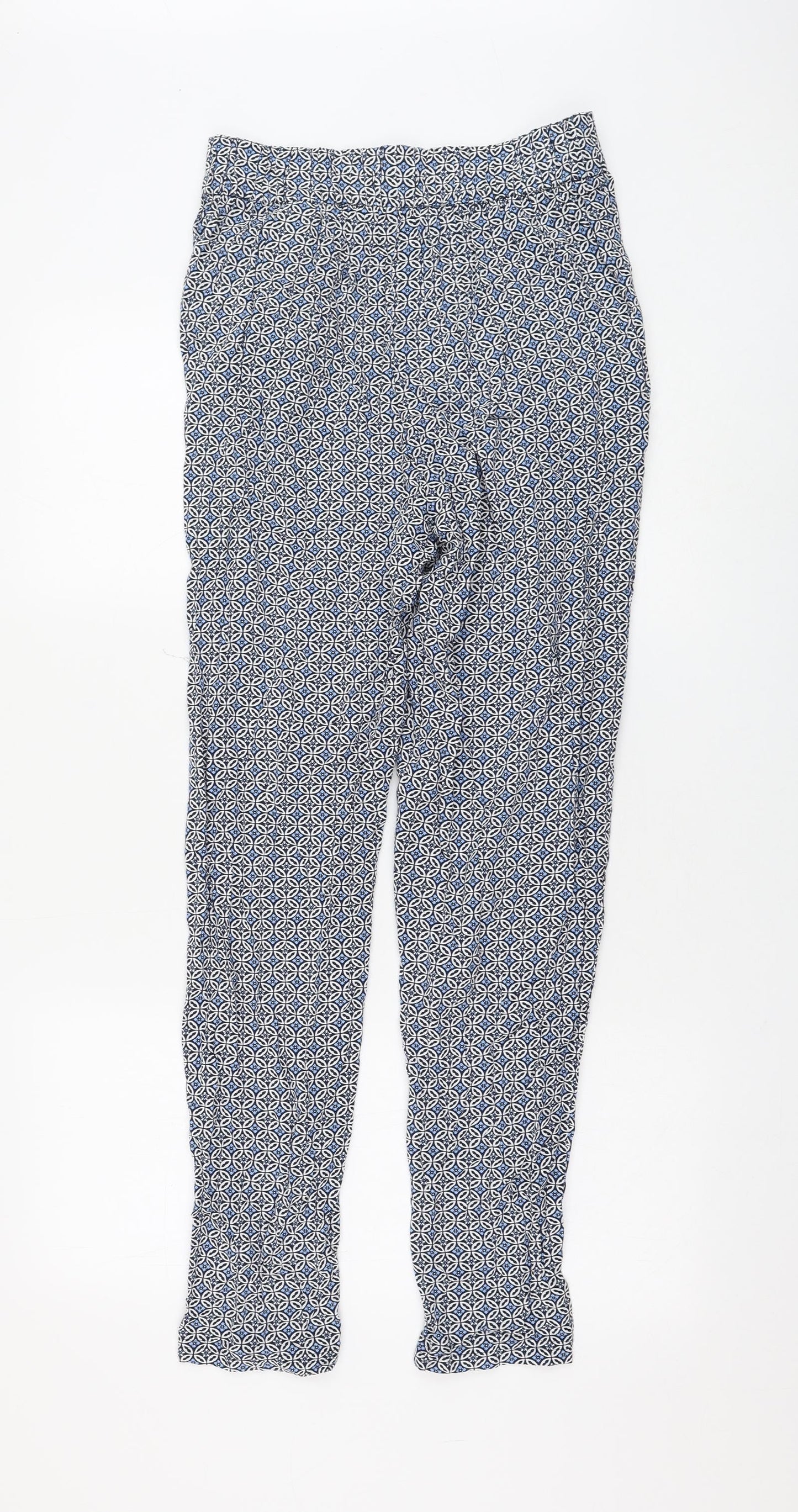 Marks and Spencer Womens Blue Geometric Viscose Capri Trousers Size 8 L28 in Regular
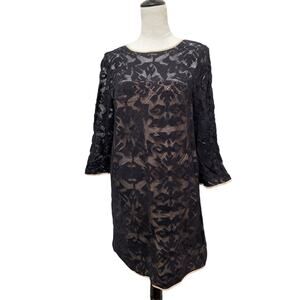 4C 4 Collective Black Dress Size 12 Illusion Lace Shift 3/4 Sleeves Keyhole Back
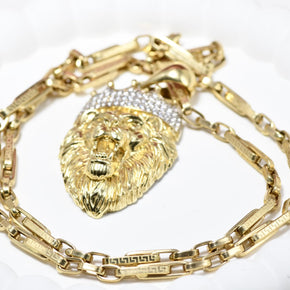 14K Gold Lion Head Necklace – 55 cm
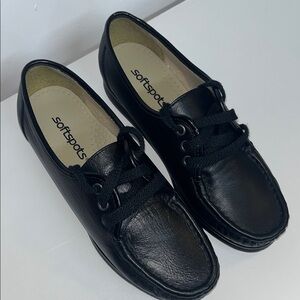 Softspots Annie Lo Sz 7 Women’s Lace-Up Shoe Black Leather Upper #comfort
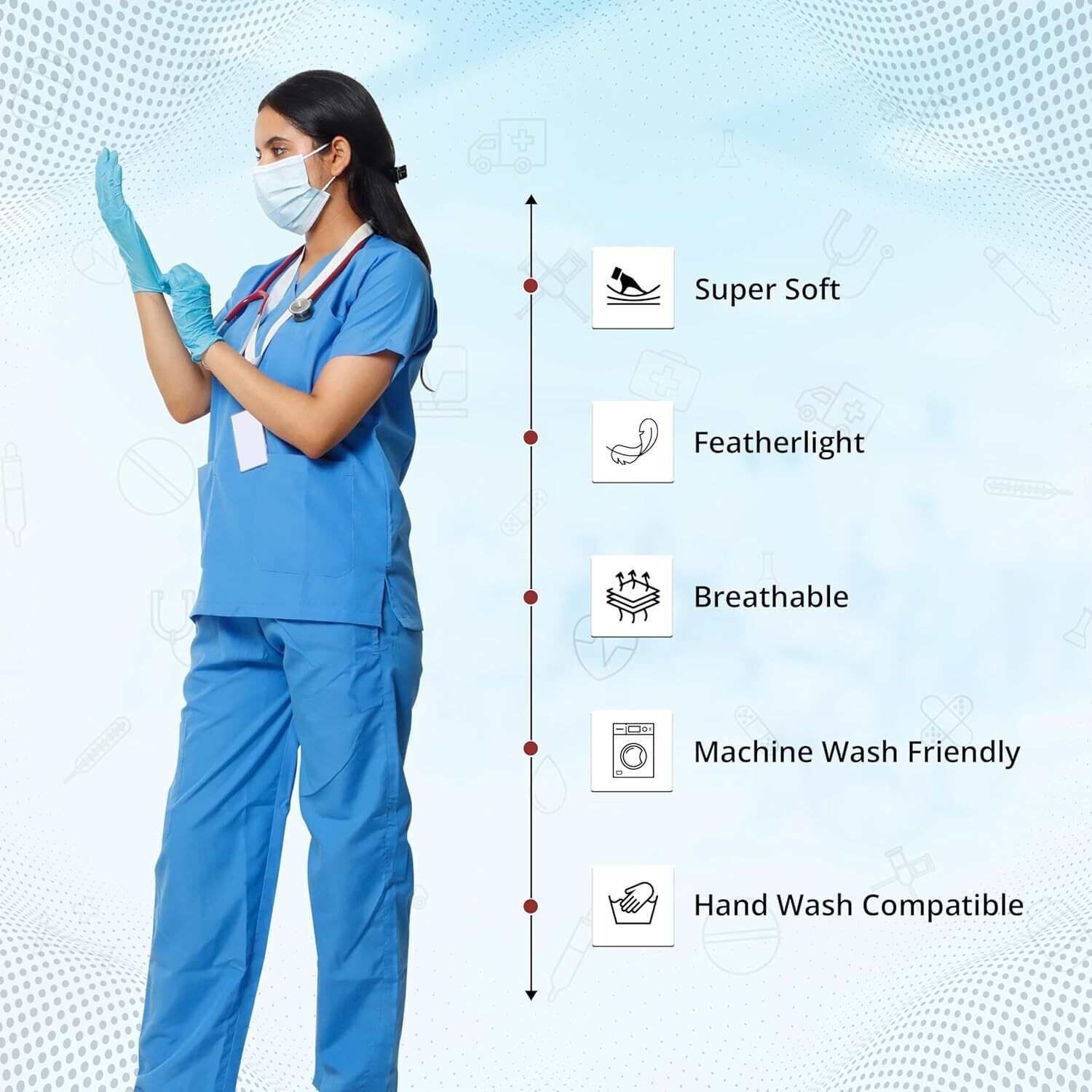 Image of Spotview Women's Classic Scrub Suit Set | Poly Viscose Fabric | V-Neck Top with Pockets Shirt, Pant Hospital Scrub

● ● ● ● ●

▶ [Exercise instructions] Copy the records exactly as they appear, excluding images.

▶ [Problem solution]
 Marks and Spencer Womens Blue Geometric Viscose Capri Trousers Size 8 L28 in Regular
 4C 4 Collective Black Dress Size 12 Illusion Lace Shift 3/4 Sleeves Keyhole Back
 14K Gold Lion Head Necklace – 55 cm
 Softspots Annie Lo Sz 7 Women’s Lace-Up Shoe Black Leather Upper #comfort
 Image of Spotview Women's Classic Scrub Suit Set | Poly Viscose Fabric | V-Neck Top with Pockets Shirt, Pant Hospital Scrub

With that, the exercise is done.